Tadi malam, gerimis mengundang keinginan untuk meringkuk lebih cepat dalam selimut. Namun hasrat itu tenggelam. WAG Alumni SMA Negeri 2 Kota Bogor riuh, membincangkan tinggi air permukaan di bendungan Katulampa. Seorang anggota mengutarakan niat melihat Ciliwung.
Ternyata benarlah apa yang dikhawatirkan. Senin, 21/9/2020, Badan Penanggulangan Bencana Daerah (BPBD) Kota Bogor memberikan peringatan agar warga mewaspadai potensi meluapnya sungai Ciliwung.
Sementara itu tersiar kabar, bahwa banjir bandang menerjang wilayah Cibuntu di Desa Pawasawan, Cicurug, Kabupaten Sukabumi, pada Senin (21/9/2020), pukul 16.00 sampai 17.00, setelah kawasan itu dilanda hujan lebat selama beberapa jam. Dilaporkan 12 rumah dan lima unit mobil terseret arus deras. Sebuah pabrik air mineral terpaksa dihentikan operasionalnya, karena terendam banjir.

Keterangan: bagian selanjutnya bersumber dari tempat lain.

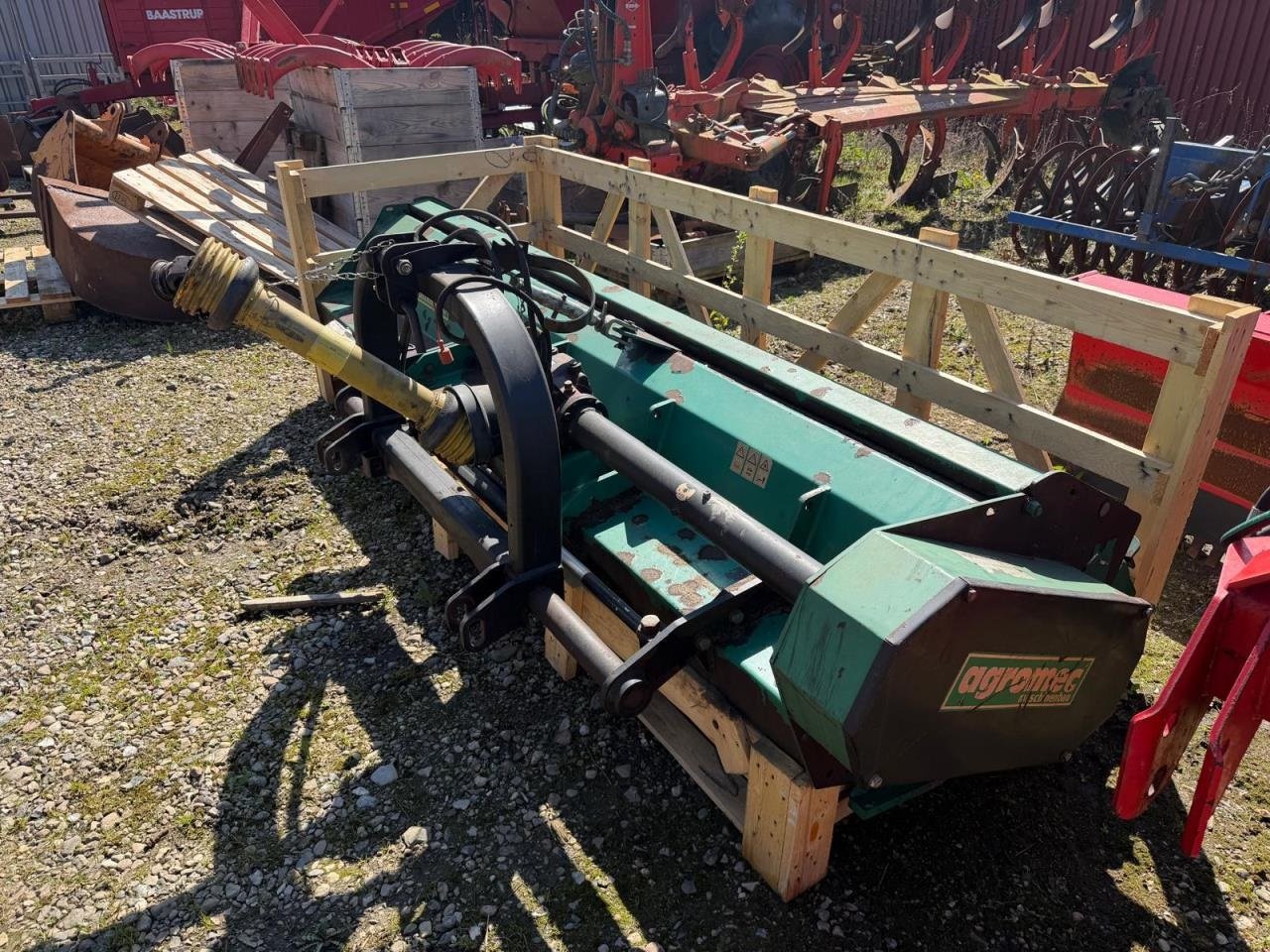 Sonstiges typu Agromec TS280H, Gebrauchtmaschine v Middelfart (Obrázek 3)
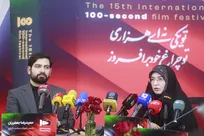 نشست خبری جشنواره فیلم 100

Dalang musibah dialamatkan kepada alam. Padahal sejak jutaan tahun yang lalu, alam hanya memenuhi tugas Illahi, mencurahkan hujan dan mengalirkan air dari tempat tinggi ke daerah terendah. Kodratnya, manusia bekerjasama dengan alam, kemudian menjaga keseimbangan, demi keberlangsungan hidupnya juga.
Dalam wilayah yang bermusim penghujan dan kemarau, manusia seyogyanya bertindak preventif untuk menyiasatinya. Payung, jas hujan, mempertahankan pepohonan sebagai serapan alami, membangun situ-situ sebagai penampung air, membuat irigasi teknis, mengeruk endapan di dasar sungai, merakit bendungan, dan semua tindakan yang bisa menahan lajunya air adalah hasil karya.

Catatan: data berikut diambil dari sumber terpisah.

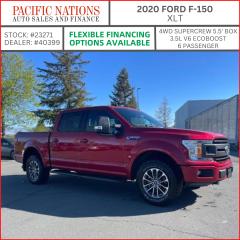 Used 2020 Ford F-150 XLT for sale in Campbell River, BC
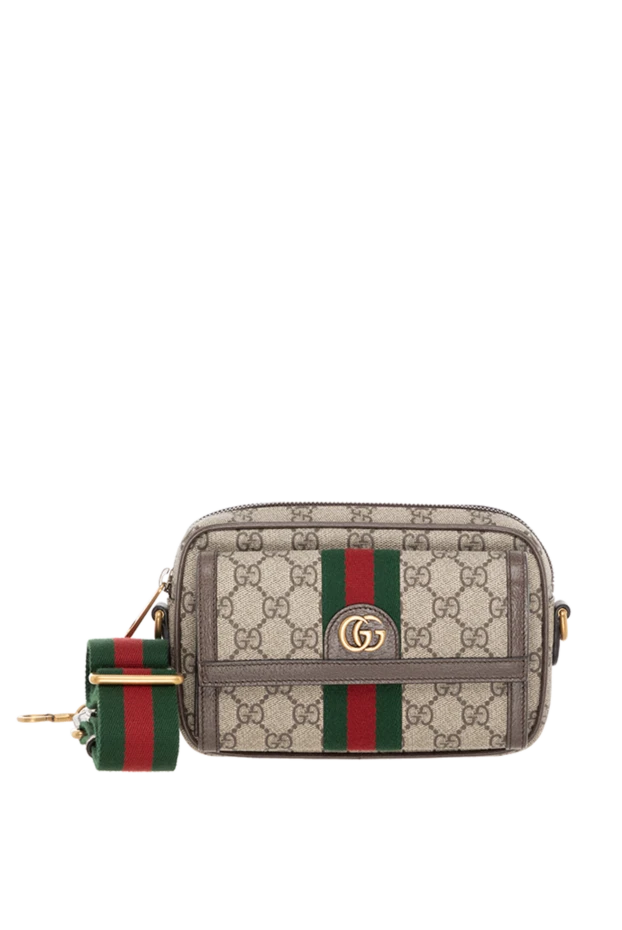 Gucci чоловічі сумка через плече 185225 - фото 1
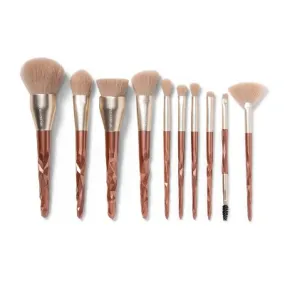 New - Sonia Kashuk Limited Edition Complete Makeup Brush Set - 10pc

Dalam kenyataannya, manusia tidak pernah puas dengan apa yang dimilikinya. Untuk memenuhi keinginan itu, ia melindas hutan, menebas serapan air, menyesaki bantaran kali dengan permukiman, menduduki situ-situ, melenyapkan sungai-sungai kecil pemecah aliran air, dan perbuatan-perbuatan yang membuat air menerabas bebas ke segala arah.
Banyak contoh-contoh perbuatan manusia yang mencelakakan diri sendiri, lantas menyalahkan alam sebagai penyebab. Parahnya lagi, menuding Sang Maha Pemilik Alam selaku pengirim bencana atau menganggap banjir sebagai salah satu bentuk ujian.

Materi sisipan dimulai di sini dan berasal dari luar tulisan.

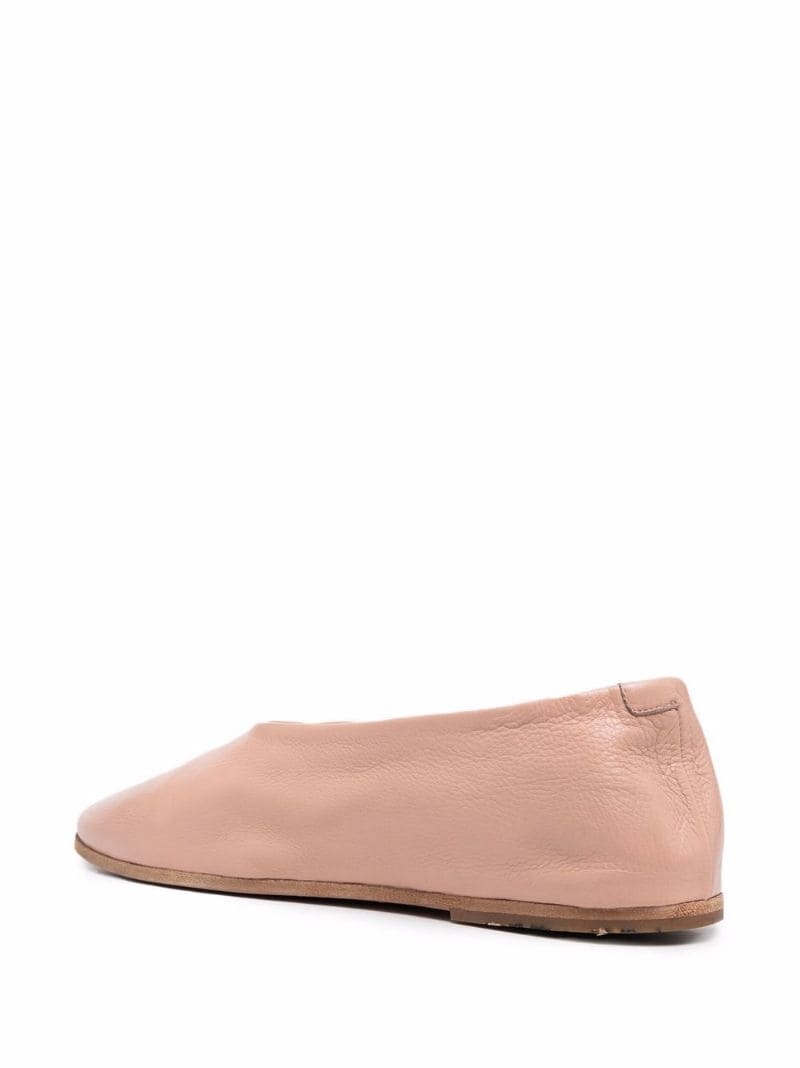 square toe ballerina shoes - 6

Kita, manusia, dikaruniai kemampuan untuk menyesuaikan diri dengan alam. Segala kebisaan dikerahkan untuk menyiasati, bukan merusaknya, agar bisa bertahan hidup.
Jadi, "waspada banjir" adalah seruan bagi kita untuk menyiasati aliran air yang mengalir deras dari hulu ke hilir dengan menahannya atau melambatkan gerakannya. Membangun bendungan, situ, irigasi teknis, menjaga hutan di hulu, penghijauan, adalah sebagian dari upaya tersebut. Bukan sekedar menyalahkan alam.
Tadi pagi, sinar matahari terhalang mendung. Mungkin pada siang atau sore hari nanti akan turun hujan. Ada saatnya kelak, hujan lebat mengguyur Bogor sehari-semalaman, atau berhari-hari sebagai sumber miliaran kubik air.
Maka, waspadalah terhadap datangnya banjir!